Using “simulated ePCR” with the large GenBank data set, trnL intron and P6 loop sequences identified to species level 67% and 19% of cases respectively. However, in many practical applications, the number of possible species that need to be distinguished is relatively small and they are taxonomically diverse. Following this reasoning, Taberlet et al tested the intron and its P6 loop on a set of 132 species found in the Arctic and 72 species representing the commonest food plants. With Arctic plants, trnL intron and P6 identified to species level 85% and 47%, respectively. With the food data set, the tiny P6 loop was sufficient to identify 78% to species level. The P6 loop was successfully amplified from a 20,000-year old permafrost sample, from human feces, and from various processed foods including detecting potato, leek, and onion DNA in dried soup mix!

This is an exciting study, and DNA barcoding will likely have multiple applications in food safety. Whether or not these exact gene regions are adopted, a standardized approach will enable widespread and inexpensive use.

COI solves leech mix-ups

Relying on morphologic species descriptions lacking DNA sequences is like diagnosing patients without laboratory tests. An experienced clinician can often make the correct diagnosis from examination alone, but laboratory tests are frequently needed to confirm or point to other causes. Many advances in medicine reflect incorporating laboratory testing into routine evaluation. Two papers on leeches suggest similar benefits to taxonomy from incorporating mtDNA analysis into routine practice.

In May 2005 Conservation Genetics 6:467 researchers at the American Museum of Natural History analyze morphology, mitochondrial COI, and nuclear ND-I sequences of genus Helobdella leeches from Austrialia, New Zealand, South Africa, Hawaii, and South America. The tale starts with a leech discovered in Germany in 1985, H. striata, re-named H. europaea in 1987. 

Authors Siddall and Budinoff found that H. europaea is morphologically and genetically indistinguishable from a leech “discovered” in Australia in 1998, H. papillornata. Including COI sequences in initial species descriptions would have prevented wasted taxonomic effort, and a species native to South America would probably not be given the unfortunate name europaea.

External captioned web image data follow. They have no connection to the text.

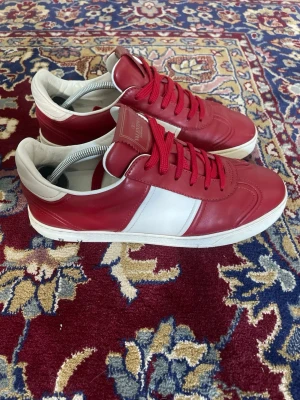 Röda Valentino Flycrew  - Snygga sneakers i rött och vitt med klassisk låg profil. Skorna har ovandel i läder, vita detaljer på sidan och häl samt matchande röda skosnören. Yttersulan är vit och ger en fräsch kontrast till resten av skon. Perfekta för dig som vill sticka ut med stil.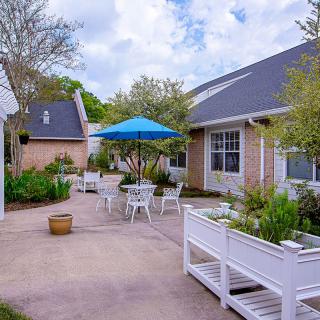 A peaceful courtyard with tables, chairs, and a blue umbrella surrounded by greenery.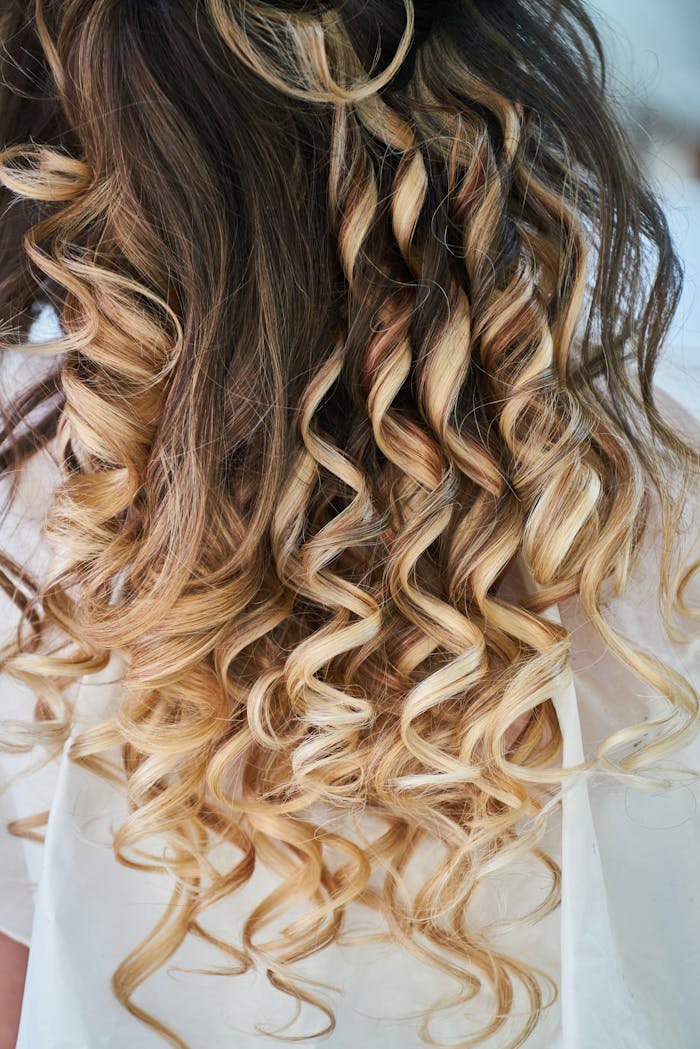 Services Close-up of elegant blonde curls showcasing detailed hairstyle design.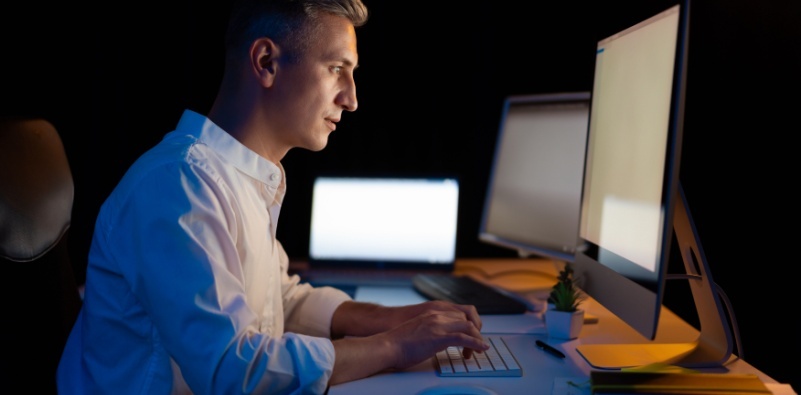 A focused man working on a computer in a dark office.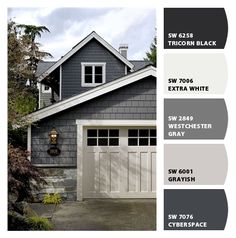 a gray house with two white garage doors and three different color swatches on it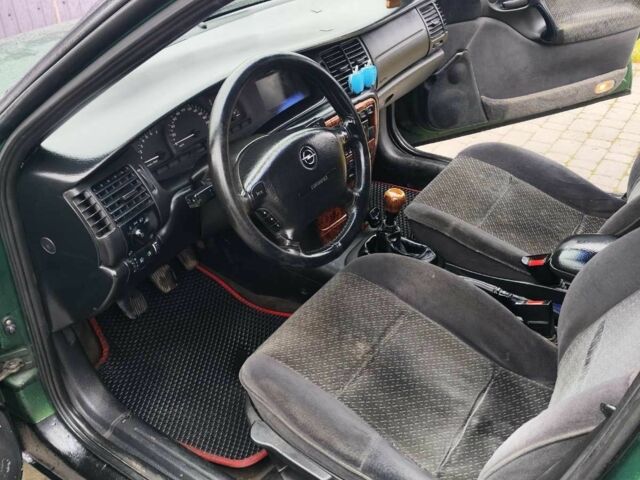 Зеленый Опель Вектра, объемом двигателя 1.8 л и пробегом 334 тыс. км за 2200 $, фото 7 на Automoto.ua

In December 2006 Evol Devel 8:491, scientists from University of Maryland and University of California, Berkeley, apply COI barcoding to another Helobdella leech, H. robusta, a model organism in developmental biology and one of the lucky species selected for genome sequencing. Researchers Bely and Weisblat obtained leech specimens from laboratory cultures and field sites. They found that isolates thought to be H. robusta actually represent four species, 2 of which co-exist at the same locality. The authors observe “the perils of misidentification and taxonomic confusion in the lab are numerous and costly” and conclude with a call for routine application of DNA barcoding and collection of voucher specimens to confirm identity of laboratory organisms.